FFRF urges Supreme Court not to review its unanimous N.J. win
FFRF is urging the U.S. Supreme Court to let stand its recent victory on behalf of New Jersey taxpayers.
The state/church watchdog filed a brief Nov. 26 with the U.S. Supreme Court, encouraging it to reject a request that it review a unanimous FFRF win at the New Jersey Supreme Court. This April, the state’s top court held, 7-0, that New Jersey taxpayers cannot be forced to pay to repair active houses of worship, several of which explicitly sought taxpayer funds in order to further their worship services.
At the heart of the lawsuit, argued in New Jersey state court, is the New Jersey Constitution’s guarantee: “nor shall any person be obliged to pay tithes, taxes, or other rates for building or repairing any church or churches, place or places of worship, or for the maintenance of any minister or ministry, contrary to what he believes to be right.”
Despite this clear language, Morris County churches are arguing that they are nevertheless entitled to these taxpayer funds, asking the Supreme Court to expand its contentious decision from last year, Trinity Lutheran v. Comer. FFRF’s brief points out that the New Jersey Supreme Court analyzed Trinity Lutheran at length and unanimously agreed that Morris County’s program was significantly different, rejecting each of the county’s arguments.
FFRF also emphasizes that “the New Jersey Supreme Court decision is supported by history tracing back to the earliest days of this country,” and that it “does not conflict with decisions of this court or other courts.” So, there is no reason for the Supreme Court to review it. The New Jersey Supreme Court’s decision, FFRF’s brief points out, is “consistent with a tradition that is as old as the United States itself,” with the New Jersey constitutional provision at issue dating back to 1776. FFRF underscored that this taxpayer protection is a principle that the Founders, including Thomas Jefferson, saw as an essential guarantee to prevent the government from forcing citizens to support religions in which they disbelieve.

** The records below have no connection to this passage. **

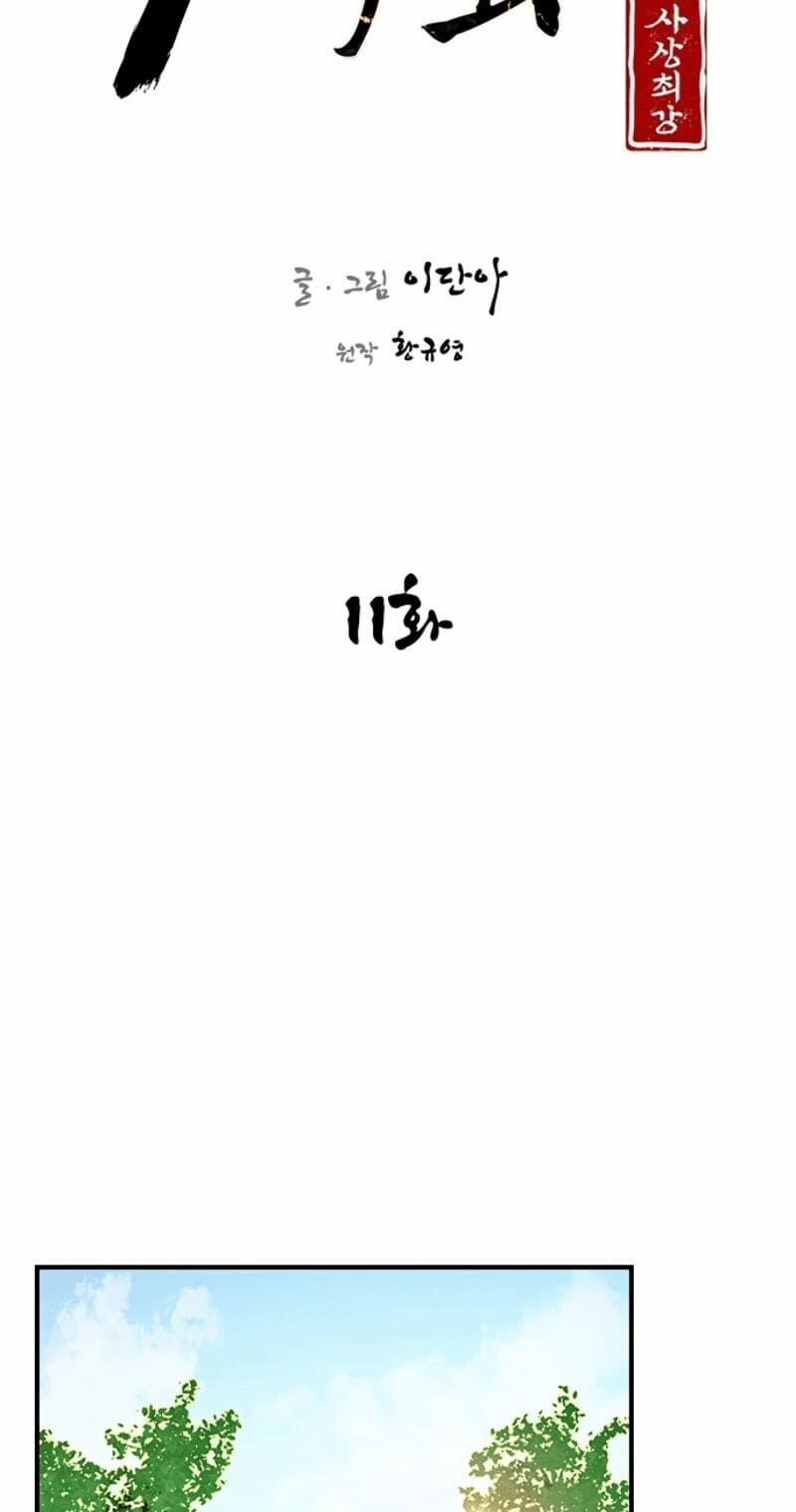 Kẻ Mạnh Nhất Lịch Sử 11 trang 15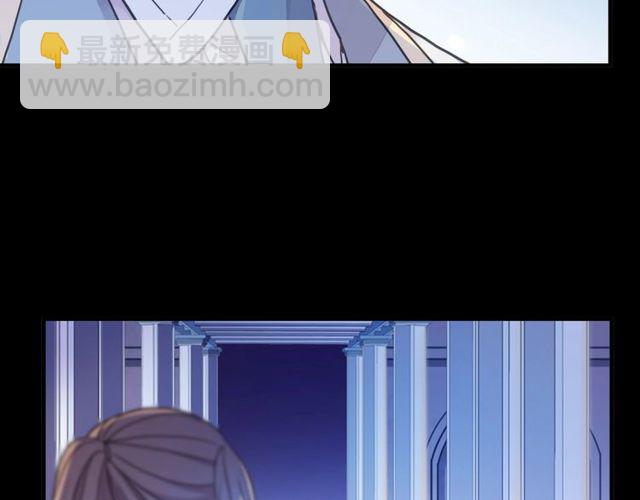 甜美的咬痕 - 守護篇 第40話 甜蜜陷阱(2/3) - 7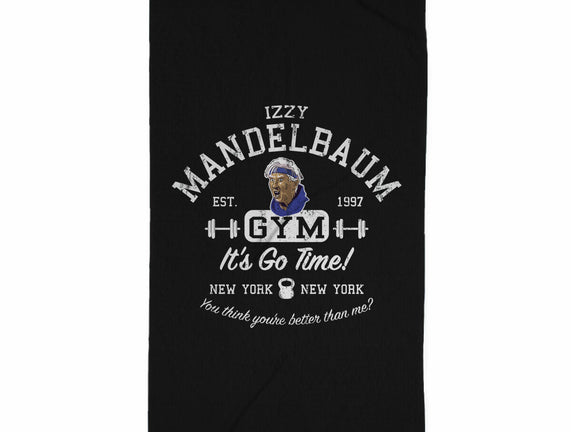 Izzy Mandelbaum Gym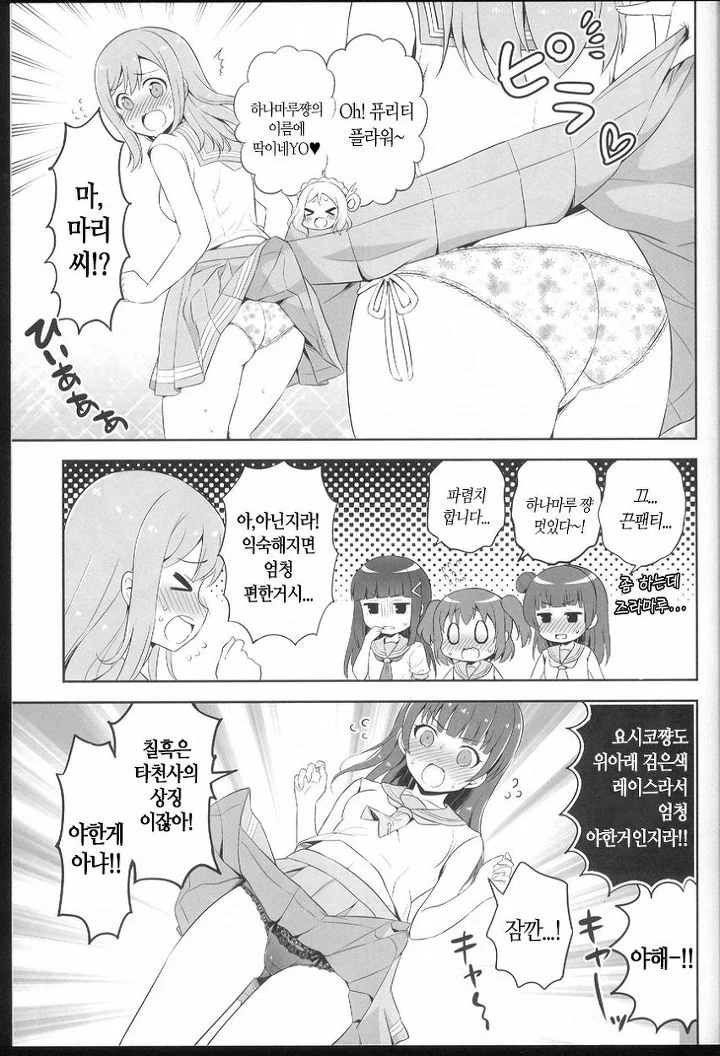 [럽샤인] ㅍㅌ고르는 manhwa - 이미지 4
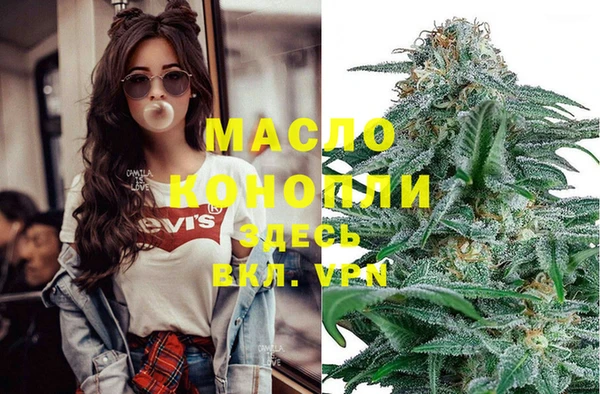 кокс Белоозёрский
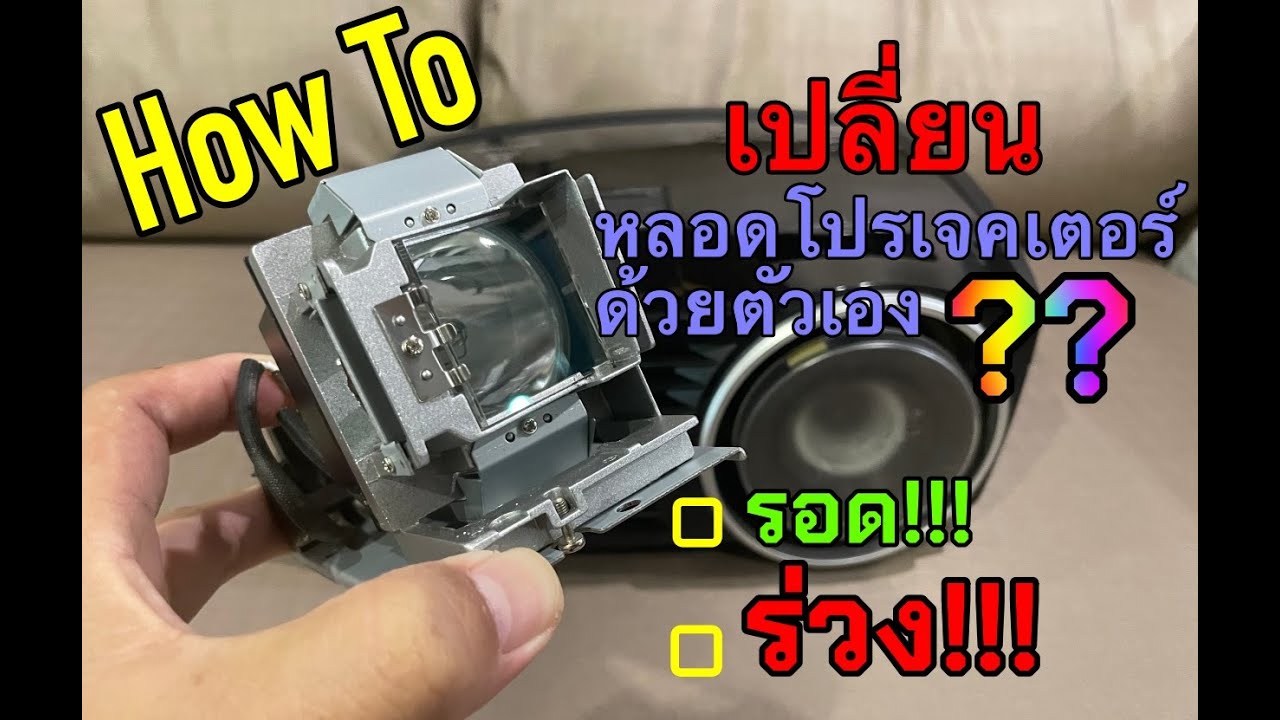 เปลี่ยนหลอดโปรเจคเตอร์ด้วยตัวเอง!!!!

The plaintiffs in the case are David Steketee, an FFRF member, and FFRF itself. In New Jersey state court, Steketee and FFRF were represented by outside counsel Paul Grosswald and FFRF attorneys Andrew Seidel and Ryan Jayne, who will continue as co-counsel. FFRF is represented in front of the Supreme Court by the widely renowned Erwin Chemerinsky, dean of the University of California at Berkeley School of Law and one of the most-cited legal scholars of all time.